Esso si riferisce alla perdita di ogni interesse.  Accanto alla malattia oncologica si può insinuare un malessere interiore che si manifesta quando il coinvolgimento nelle attività vitali perde di significato, un malessere che indebolisce la forza d’animo, la capacità di progettare, di sognare e di sperare. L’uomo è un essere con una struttura biofisica della quale fa parte la spiritualità. Il Prof. Hudolin ha definito la spiritualità antropologica “un sentire comune che va al di là dei credi religiosi ed è insito nella natura umana: ci spinge a prenderci cura dell’altro in quanto esseri umani, a riconoscere ed accettare le diversità, alla solidarietà. Quella parte dell’uomo che non si può definire in termini materiali e che ci rende diversi dagli altri esseri viventi. Mi riferisco all’emozionalità, all’etica, all’amore, all’amicizia, ad una serie di regole del comportamento innate ed ereditate, alla religiosità, alla fede, alla politica e a molti aspetti profondamente umani…”. Hudolin definisce Il disagio spirituale situandolo tra i problemi legati alla non accettazione di se stessi, del proprio comportamento e del proprio ruolo nella comunità, della cultura sociale esistente e della prevalente giustizia sociale. Tali sofferenze possono essere alleviate con diversi approcci: psicoterapici individuali, di coppia, di gruppo, informali. Tra questi ultimi quello ecologico sociale o Metodo Hudolin, che si fonda sul lavoro delle comunità multifamiliari dei Club, offre la possibilità di un miglioramento della qualità della vita individuale e familiare. I Club propongono un nuovo percorso di solidarietà, crescita e cambiamento «insieme», in un clima di fiducia e condivisione. Il Club è una piccola comunità d’azione dove tutti sono responsabili di tutti in un’ottica di interdipendenza, esso è parte della comunità in cui opera, è facilmente accessibile, gratuito e costituito da famiglie differenti per sesso, età, educazione e professione.

Bibliografia

Hudolin V. et Al. (1992), Verso un concetto ecologico di salute. Erickson ed., Trento.
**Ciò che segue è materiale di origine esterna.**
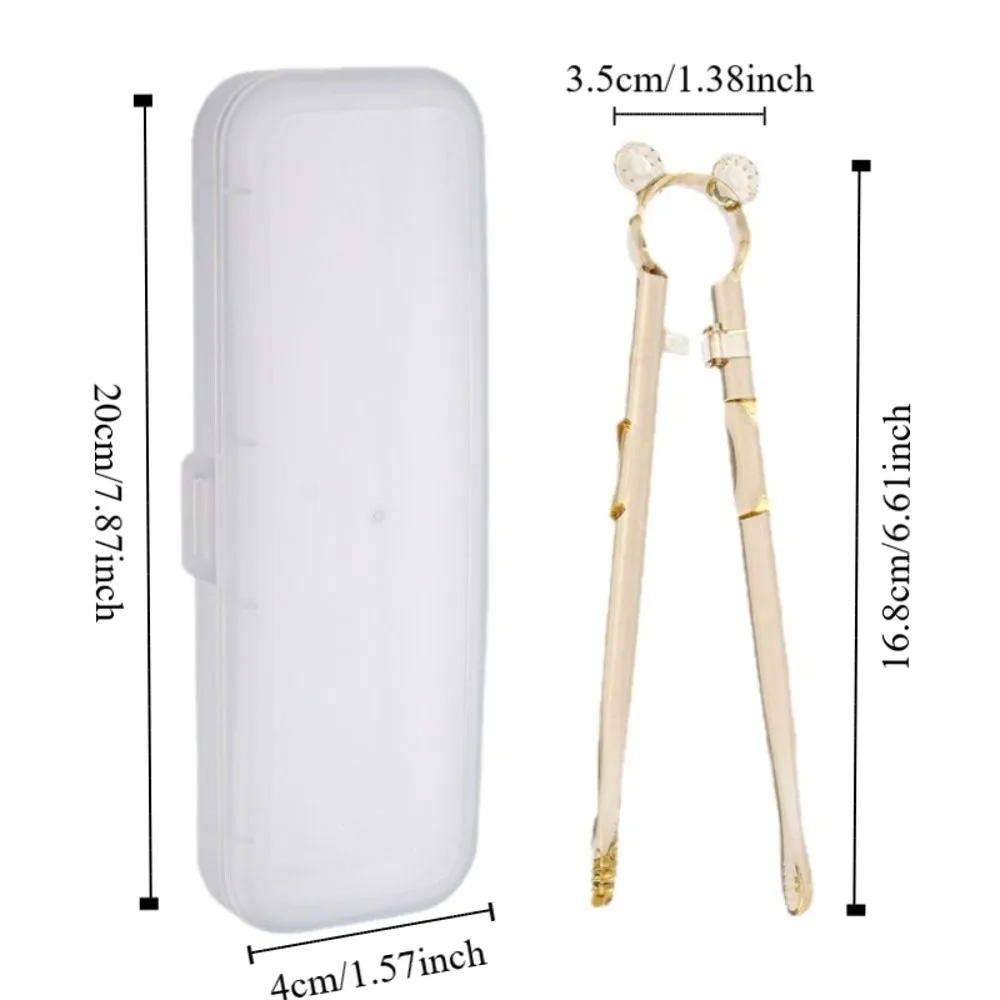 2pcs/set Anti Slip Training Chopsticks Food Grade Bear Shape Chopsticks High Temperature Resistance with Storage Box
Hudolin V. (1991), Manuale di alcologia. Erickson ed., Trento.
Hudolin V. (1995), Sofferenza multidimensionale della famiglia. Busti ed., Verona.
Maio M. (2017), Il corpo anti cancro. Piemme ed., Milano.
Terzani T. (2004), Un altro giro di giostra. Longanesi ed., Milano.
Carcangiu G. (2011), Progetto Domino, Manuale di Self Help. Cagliari.
Carcangiu G. (2017), Il manuale dei Club Domino, l’azzardo e i problemi azzardo correlati, Grafica del Parteolla ed., Cagliari.
Carcangiu G. (2014), Vladimir Hudolin, Storia di una rivoluzione scientifica. Teoremauno ed., Cagliari.
Carcangiu G. (2011), Manuale di EcoAlcologia, Teoremauno ed., Cagliari.